Captioned web images:
============

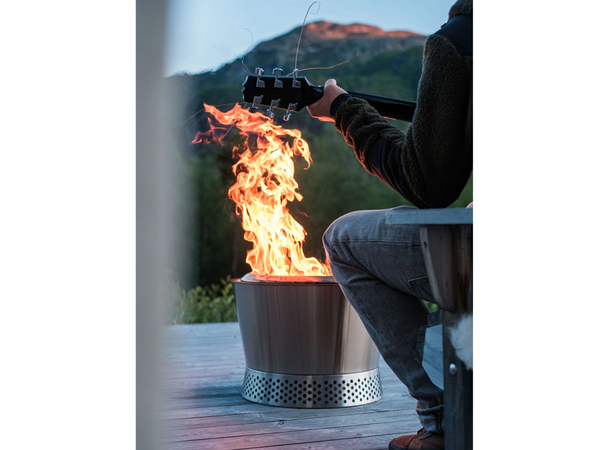 Rentbrennende Bålpanne  Lue 50 Rentbrennende ildsted i rustfritt stål 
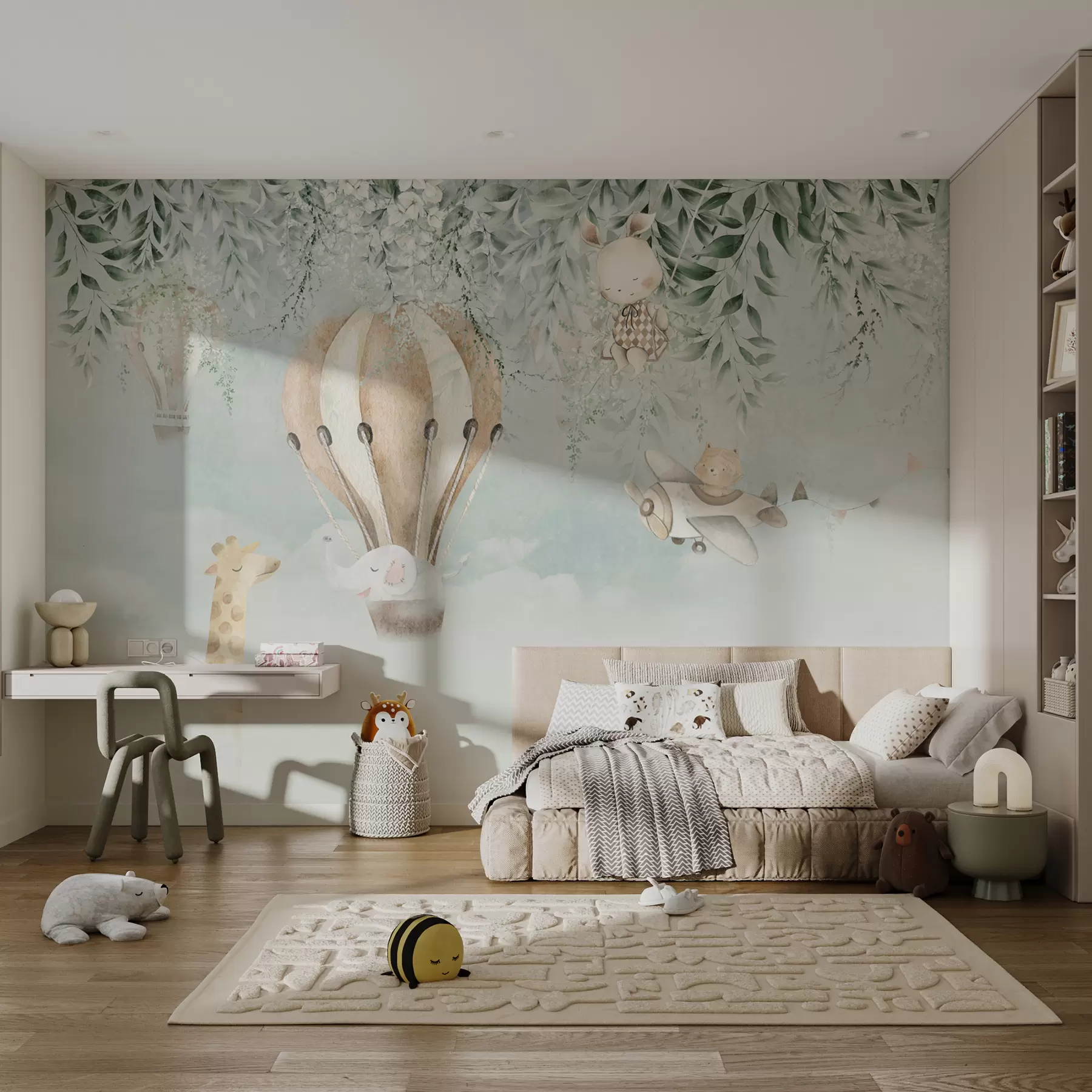 murais de parede animais de fada u95429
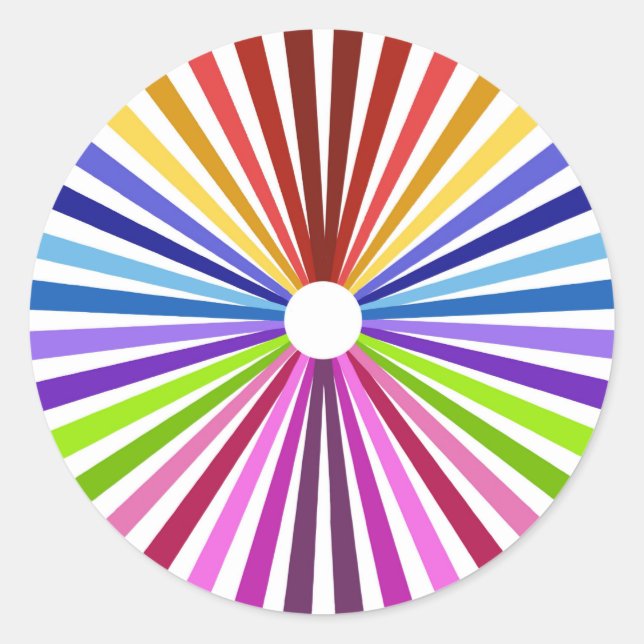 Sticker Rond Roue arc-en-ciel (Devant)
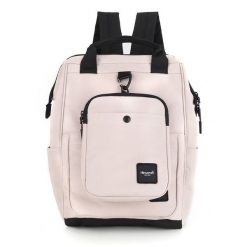 Plecak damski Himawari 0403 j. różowy. Czerwone plecaki damskie Peterson, bez wzorów, biznesowe. Za 161.99 zł.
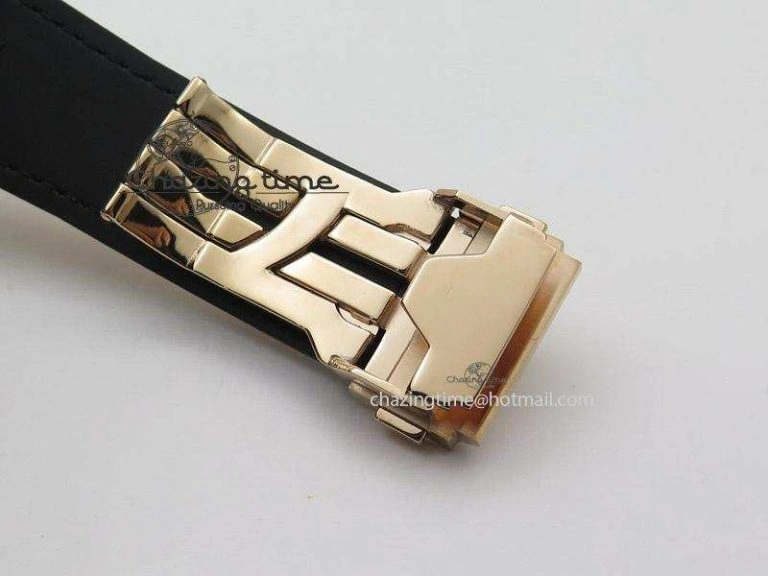 Fusion RG Black Dial Flying Tourbillion On Gummy Strap Affordable 6977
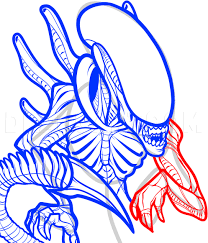 On pixiv how to draw page, you can easily find drawing tutorials, step by step drawings, textures and other materials. How To Draw An Alien From Alien Vs Predator Avp Step By Step Drawing Guide By Dawn Dragoart Com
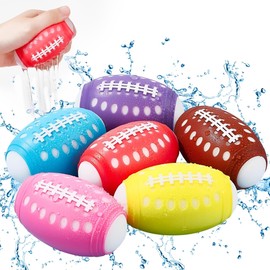 Reusable Water Balloons, 6Pcs Sponge Sports Ball Water Balloons Summer Toys for Kids, Outdoor Games Toys for Backyard Lawn Beach Water Play, Fun Games for Boy and Girl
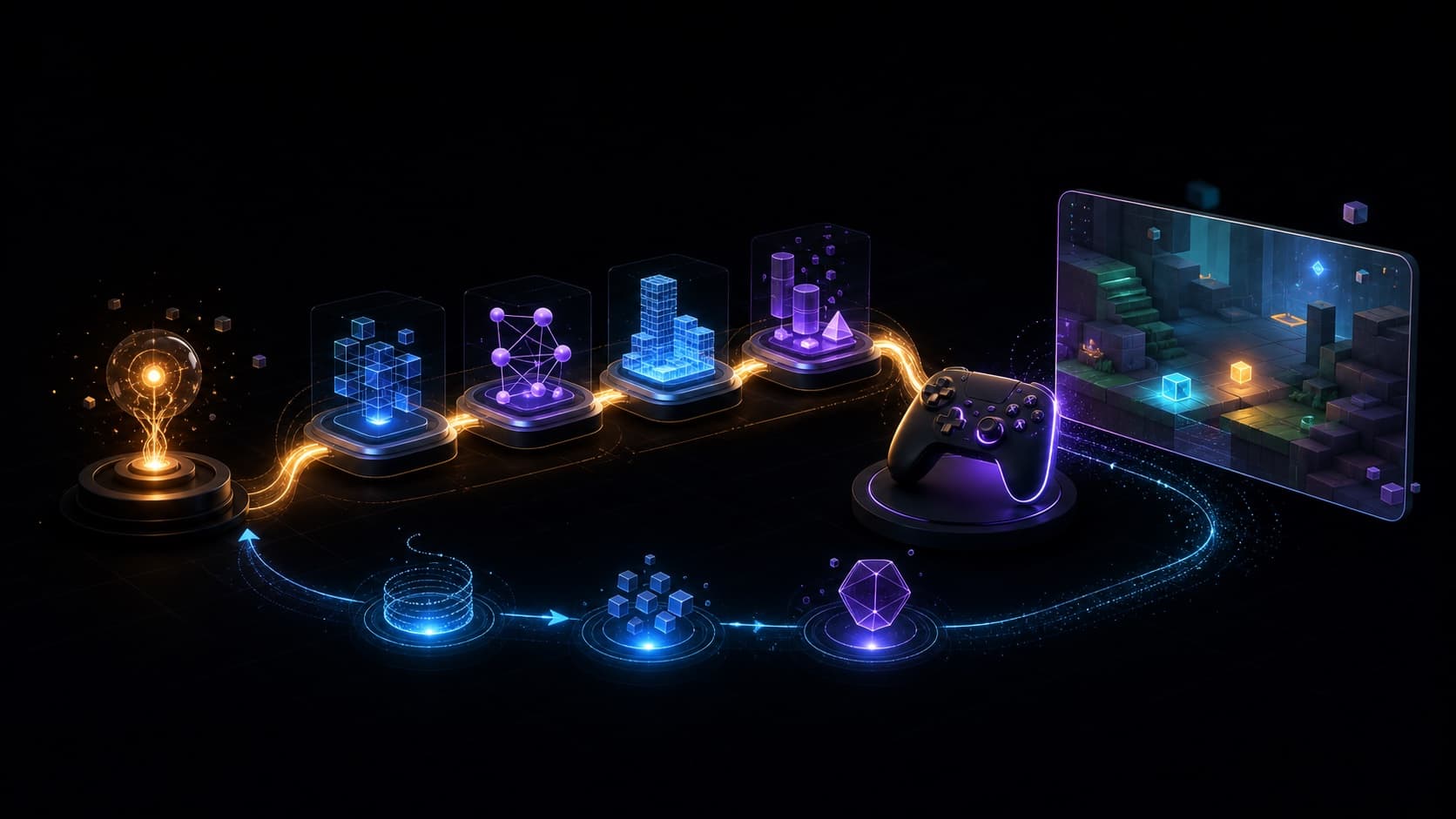 ArcadeRelay AI game creation pipeline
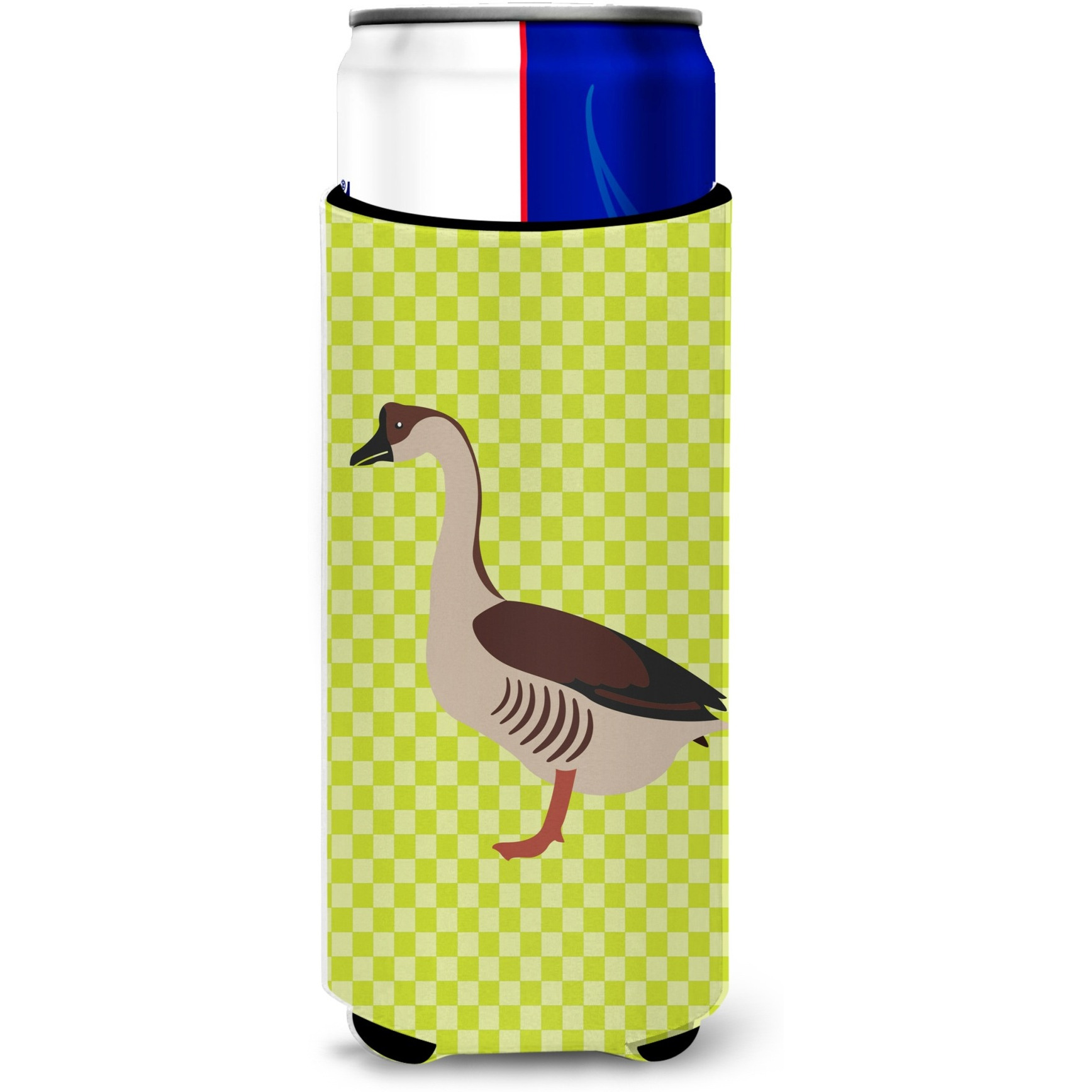 &quotCaroline's Treasures Chinese Goose Green Decorative Can Hugger, Slim, Multicolor"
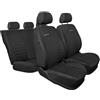 Mossa Coprisedili su Misura compatibili con Ford Kuga I SUV (2008-2012) - Fodere sedili Auto - Set coprisedili Auto E4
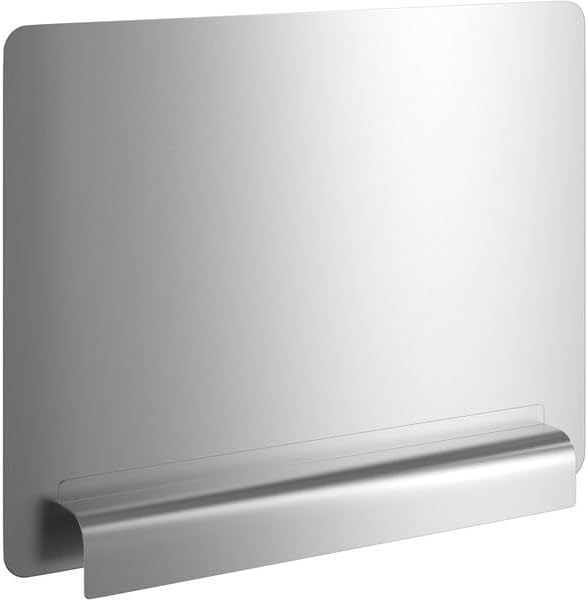 Removable Sink Side Splash, Stainless Steel, Silver, 18 x 12 Inches, Type 304, 18 Gauge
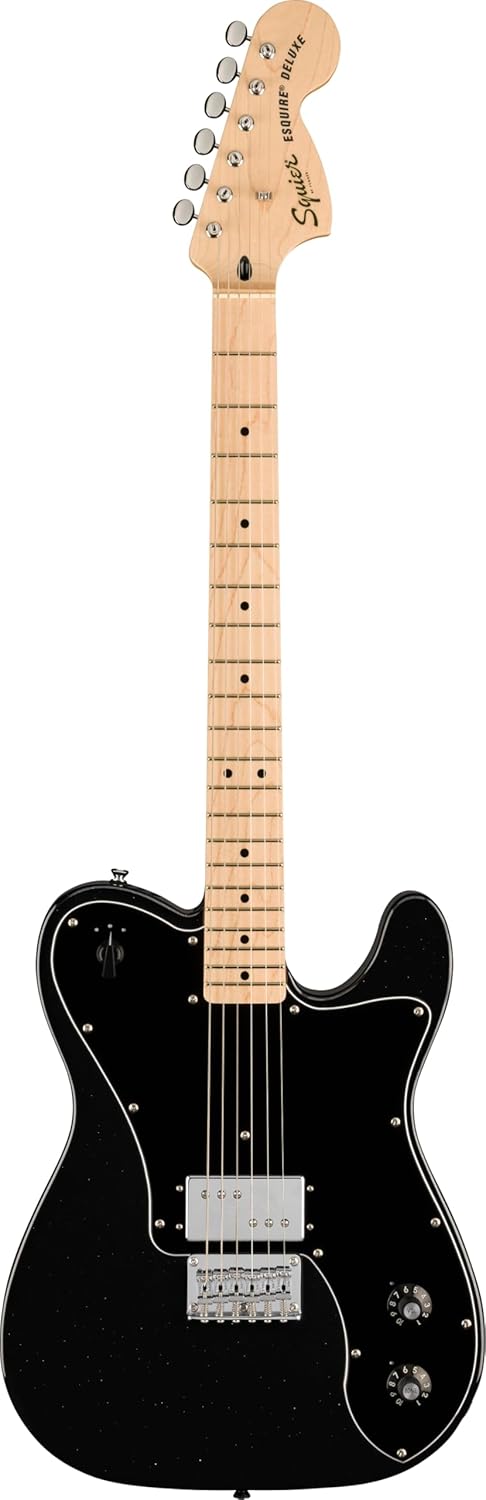 Paranormal Esquire Deluxe, Maple Fingerboard, Black Pickguard, Metallic Black
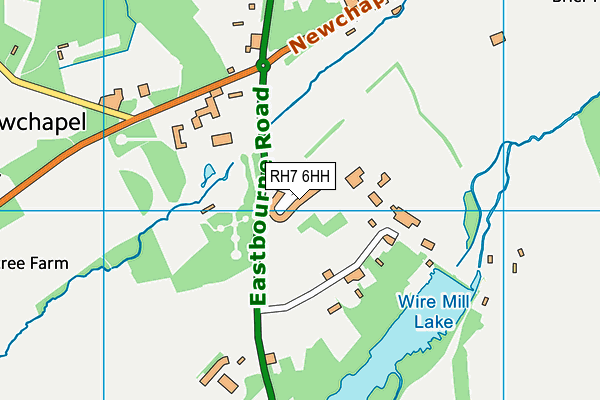 RH7 6HH map - OS VectorMap District (Ordnance Survey)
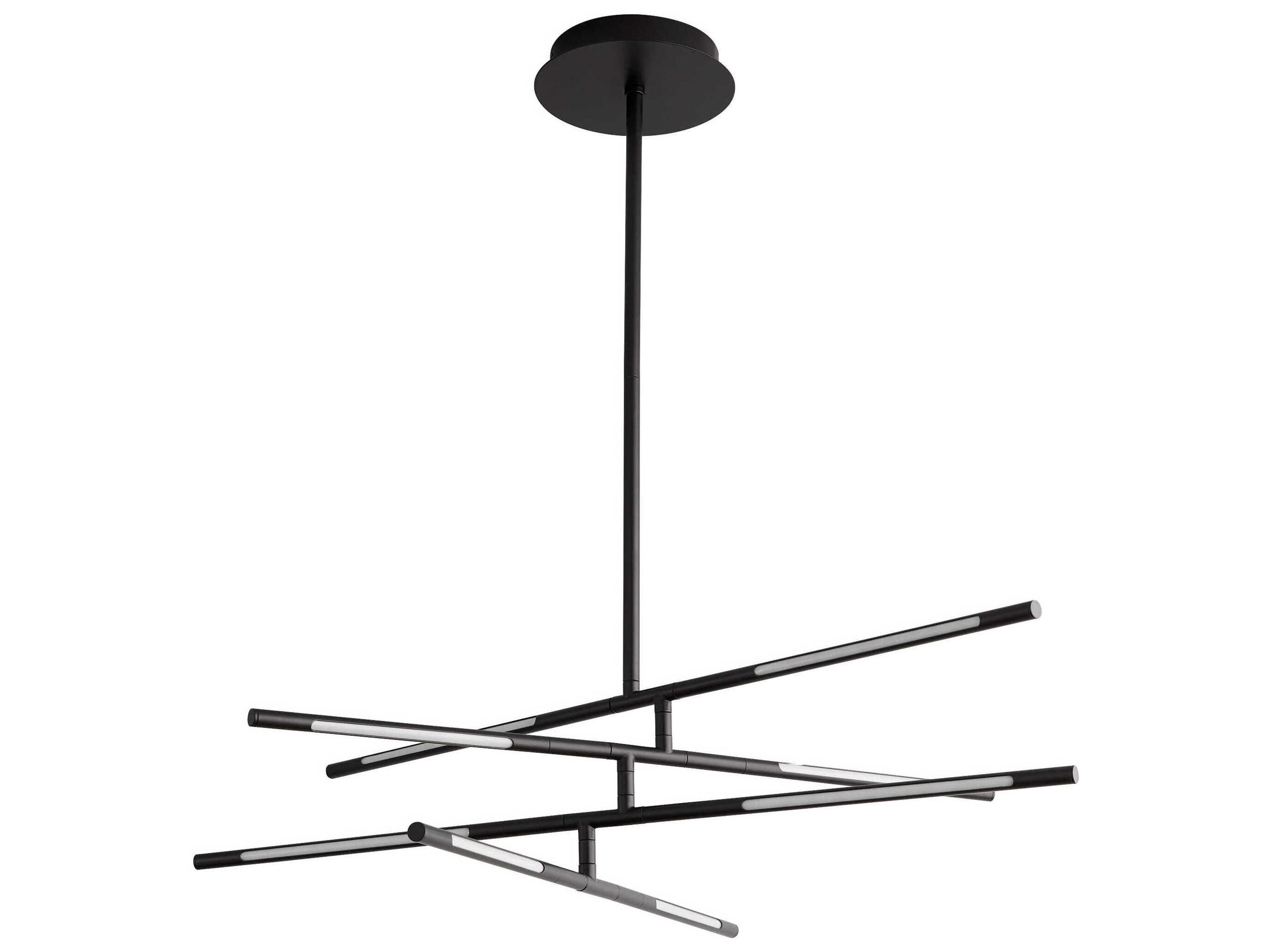 Palillos 8-Light Black Linear Island Pendant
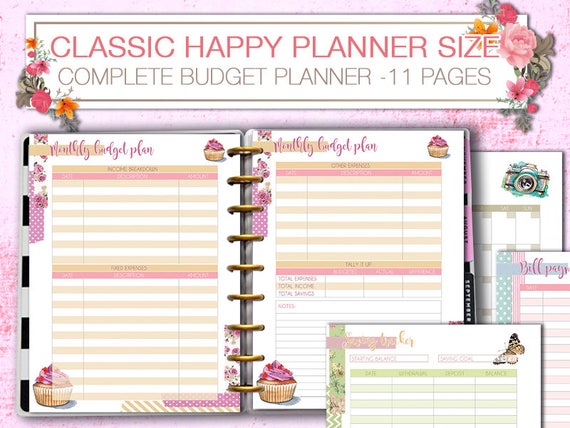 happy planner budget edition 2021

============

▶ **PROBLEM DESCRIPTION**
In the entries above, find the line that contains "Plecak damski Himawari", then repeat exactly every line from the first one through that line, with no pictures.

▶ **THE ANSWER**
 Rentbrennende Bålpanne  Lue 50 Rentbrennende ildsted i rustfritt stål 
 murais de parede animais de fada u95429
 Sticker Rond Roue arc-en-ciel (Devant)
 Plecak damski Himawari 0403 j. różowy. Czerwone plecaki damskie Peterson, bez wzorów, biznesowe. Za 161.99 zł.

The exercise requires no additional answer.